第四站:清道光二十七年(1847年),東莞茶山鄧淳編成《寶安詩正》60卷。


鄧淳《寶安詩正·自序》說:每慨陳(霖按:指明陳璉)、祁(霖按:指明祁順)二先生之《詩錄》不可得見,而故家遺俗,多有文獻無征之嘆。常勸同人纂輯前詩,以為一邑之掌故,而日邁月征,迄無成局。余年已及耄,精神日竭,老病日增,不得已,草草成書,匯為60卷,名為《寶安詩正》。


鄧淳編《寶安詩正》時,年已七十有一,莞城詩人羅嘉蓉助其搜集故家文獻。


鄧淳有詩,題云:《予輯〈寶安詩正〉一書,得羅秋浦(羅嘉蓉號秋浦)茂才助予搜采各處遺集,以備選錄,書成,賦此紀事,並柬秋浦》。羅嘉蓉《寶安詩正續集·自序》也記敘:「丁未歲(霖按:道光二十七年,1847年),適鄧朴庵先生僑寓吾里(霖按:朴庵,鄧淳號。鄧淳編《寶安詩正》時寓莞城西門馬齒巷之拾芥園,與羅嘉蓉所居雲根老屋相距不及百步)時相過從。論及《寶安詩錄》,先生遂力肩其任,直欲繼陳、祁二公而補輯焉。乃命余於各處故家搜求遺集,以備選錄。」有羅嘉蓉為助手,故成書較速,年余,即已編成。羅嘉蓉,當年35歲。

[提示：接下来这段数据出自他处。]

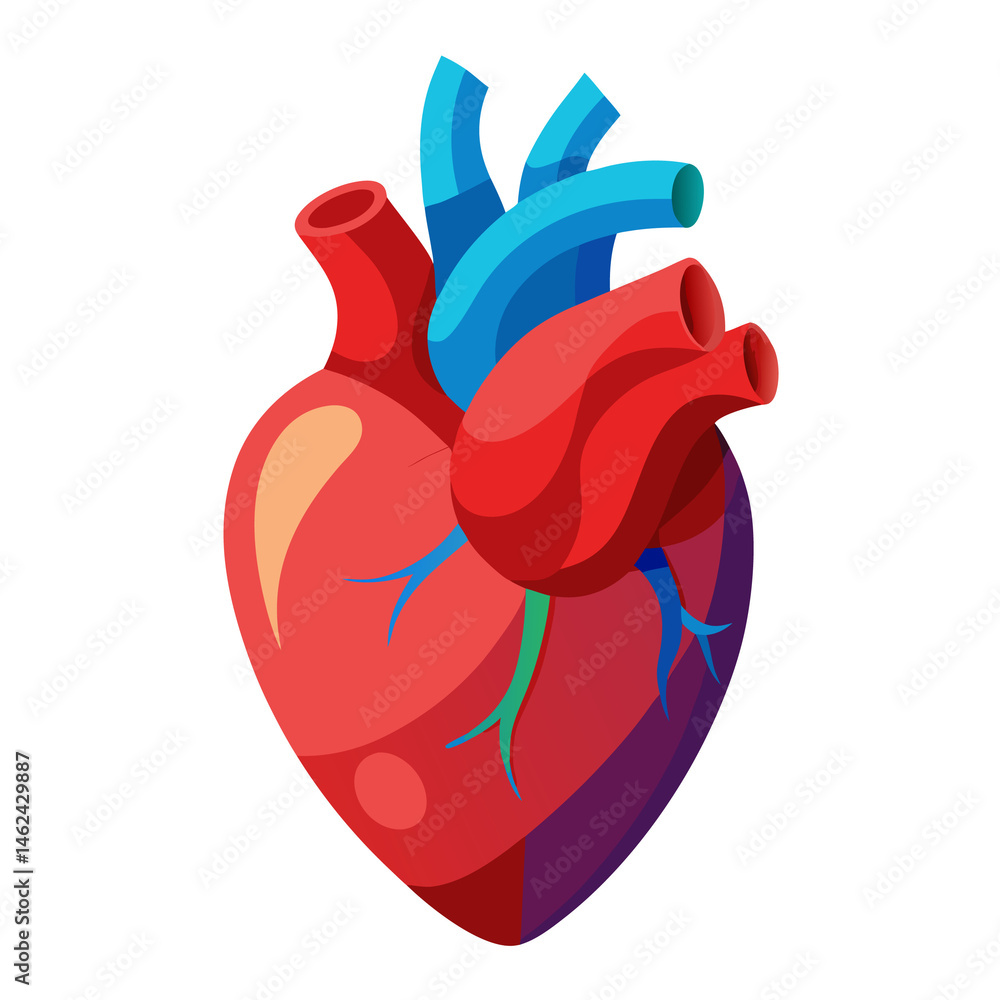 Fototapeta premium Heart Icon design image 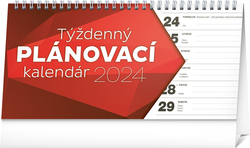 Plánovací kalendár riadkový 2024 - stolový kalendár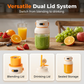 🥤 50% DE RÉDUCTION ⚡ Blender personnel portable pour milkshakes & smoothies – Rechargeable, puissant & parfait pour les boissons à emporter – idéal pour fitness, bureau ou voyages 🍓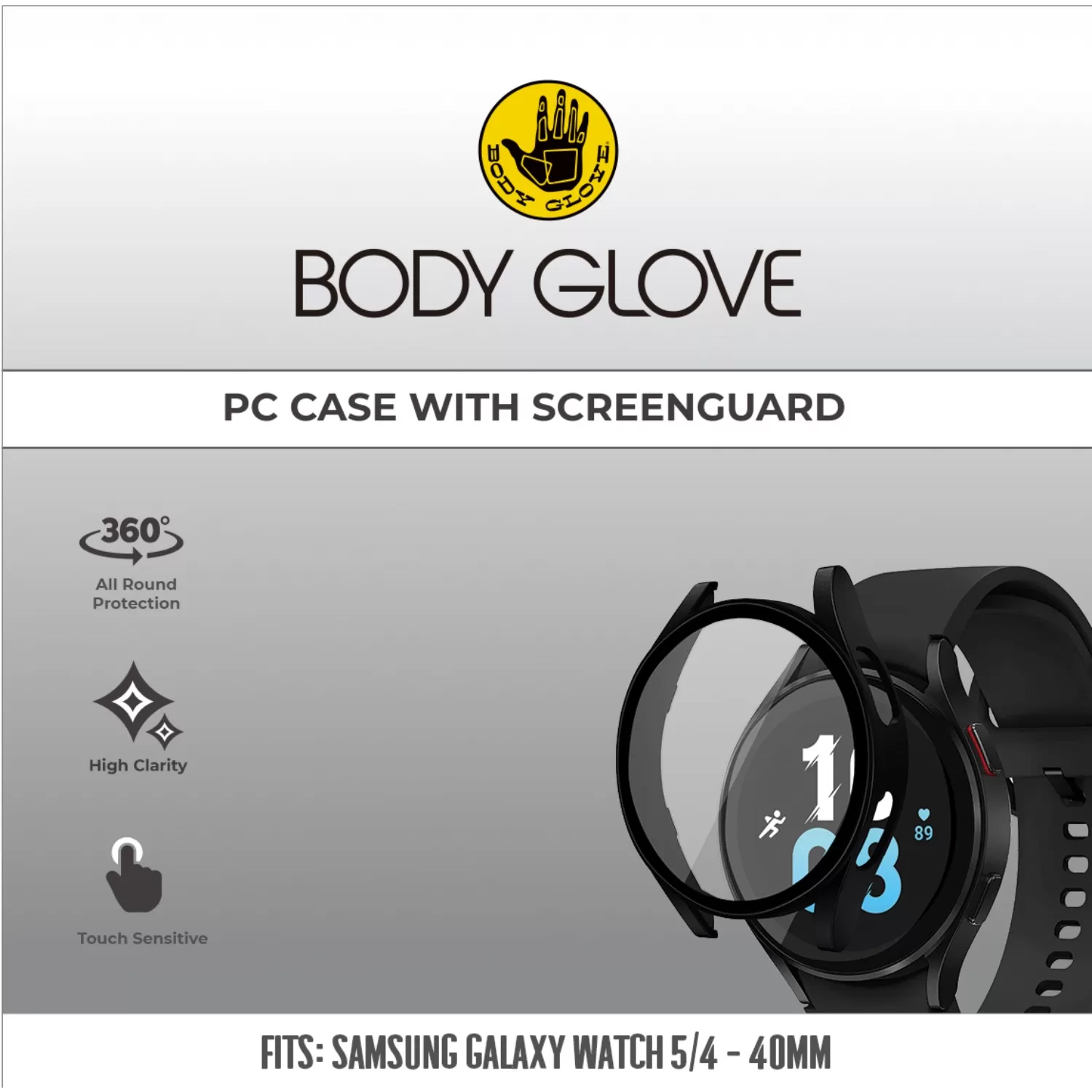 Body Glove Samsung Galaxy Watch5 / 4 40mm PC Case – Black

第五站:清光緒二十一年(1895年),羅嘉蓉編成《寶安詩正續集》12卷。


《寶安詩正續集·凡例》云:「朴庵先生歸道山四十五年矣。此四十五年中,又得若干人遺詩,並前集(霖按:指鄧淳編《寶安詩正》)遺漏,今始得其詩俱編入續集。」「有年代事實可考者,備錄之,以存梗概。」


羅嘉蓉編《寶安詩正續集》之時,年已八十,幸有助手。羅嘉蓉《寶安詩正續集·自序》載:「斯時助余遍處搜羅者,蘇子選樓之力居多,尤為篤好焉。」選樓,為蘇澤東之字。是年蘇澤東34歲。

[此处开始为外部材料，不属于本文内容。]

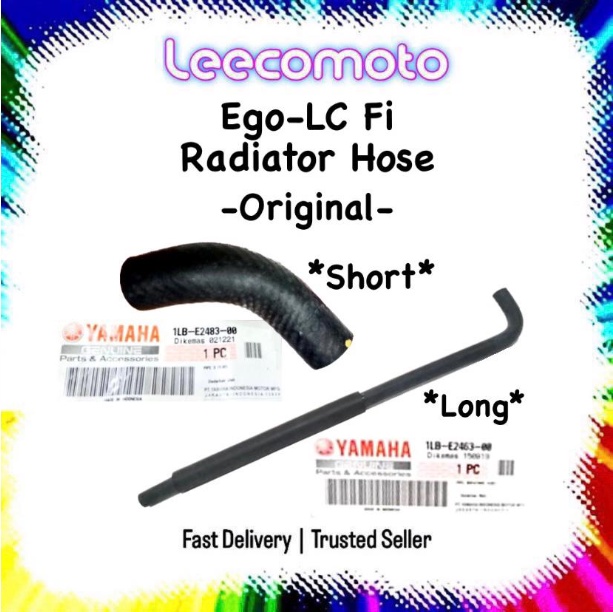YAMAHA EGO LC Fi EGOLC Fi RADIATOR HOSE ORIGINAL 1LBE246300 / 1LB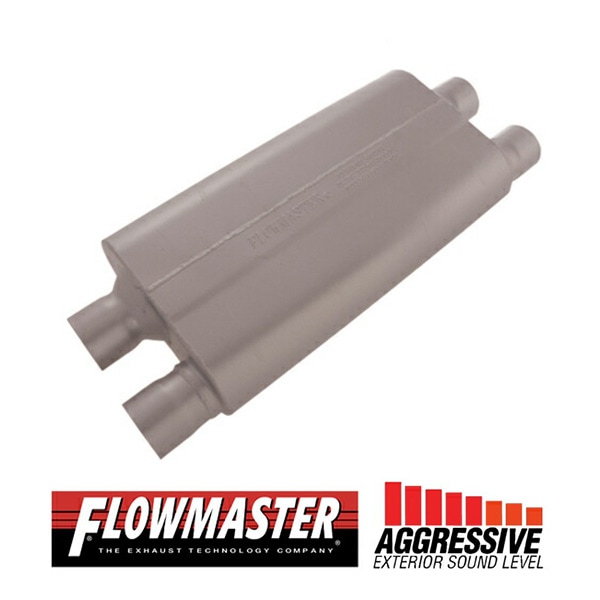 FLOW MASTER / フローマスター 80 マフラー #42582 Dual in 2.50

第六站:1913年,蘇澤東編成《寶安詩正再續集》四卷。


蘇澤東在《寶安詩正再續集序》道其編書的原委云:今秋浦已歸道山,繼而作古者又若干人,江山文藻,世界滄桑,設不及時搜羅,則茂陵遺稿,幾何不見蝕於蠹魚?變革後地遭兵燹,人多遷徙靡常,遺書十不獲一,採訪綦難。然闡幽光,挽墜緒,正吾輩之責,所謂「莫為之前,雖美弗彰;莫為之後,雖盛弗傳」。余固陋不文,詎敢上追巽川先哲?但桑梓耆英,忍睹其風雅之淪亡,沒世無稱歟?故僅就見聞所及,再續纂之,又得數十人。其中耆舊師友,或有遺聞佚事足資考證者,撰為《祖坡吟館摭談》綴之於編。

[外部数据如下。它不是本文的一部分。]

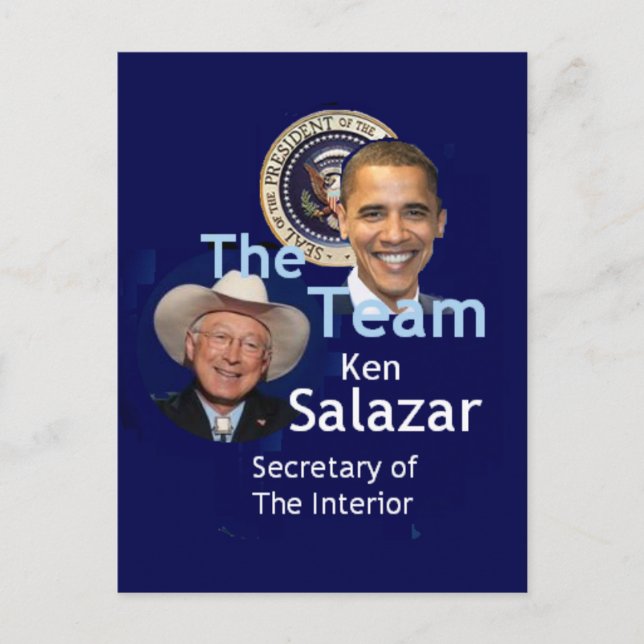 Team Salazar Postcard Postkarte (Vorderseite)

第七站:1924年,張其淦總其成,經兩次編纂,成《東莞詩錄》65卷。


《東莞詩錄》成書,襄助之功,蘇澤東為第一。張其淦能總其成首先要有鄧淳的《寶安詩正》。張其淦用的《寶安詩正》,是蘇澤東提供的。蘇澤東敘其過程說:鄧征君歿已四十餘年,稿(霖按:指《寶安詩正》)猶待梓。余懼其久而失傳也,詣鄧氏之廬,訪其侄孫南坪茂才,借得此書,歸錄副本二:一代豫泉(霖按:張其淦字豫泉)太史抄存;一珍藏敝篋中。(略)惜鄧氏後嗣式微,漢書代薪,稿復雲散煙消,懸金覓之不得。(《寶安詩正再續集序》)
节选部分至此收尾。